That’s just one of a set of seemingly contradictory conditions facing climate negotiators who this week gather in Dubai for marathon United Nations talks that include a first-ever assessment of how well the world is doing in its battle against global warming. It’s also a conference where one of the central topics will be whether fossil fuels should be phased out, but it will be run by the CEO of an oil company.

Key to the session is the first “global stocktake” on climate, when countries look at what’s happened since the 2015 Paris climate agreement, how off-track it is and probably say what’s needed to get back on track.

So here are the two primary takeaways from their latest data. First, the group concluded in 2015 that we were facing a global average temperature increase of 3.5 degrees Celsius compared to pre-industrial era levels. That figure is now “completely off the table,” according to their experts. The revised figure is 2.7 degrees. The second conclusion is that many countries are not meeting their goals, and emissions continue to rise every year, though not as quickly as they had previously anticipated.
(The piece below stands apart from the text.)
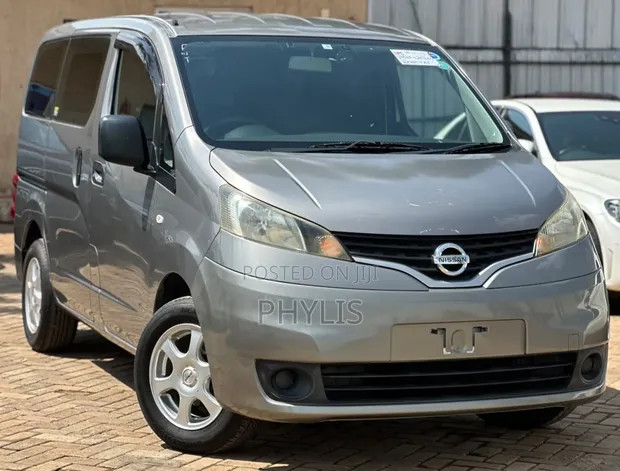 Nissan Vanette GX 2019 Grey - 1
The AP refers to these findings as both “contradictory” and “confusing.” (Ya think?) If you’re following all of this so far without your head spinning too much, there’s an easier way to describe the situation in layman’s terms. Global carbon emissions are still rising every year, but the rate of temperature increase is slowing rather than accelerating. And yet you still need to ditch your gas-powered car and buy solar panels. Makes total sense, right?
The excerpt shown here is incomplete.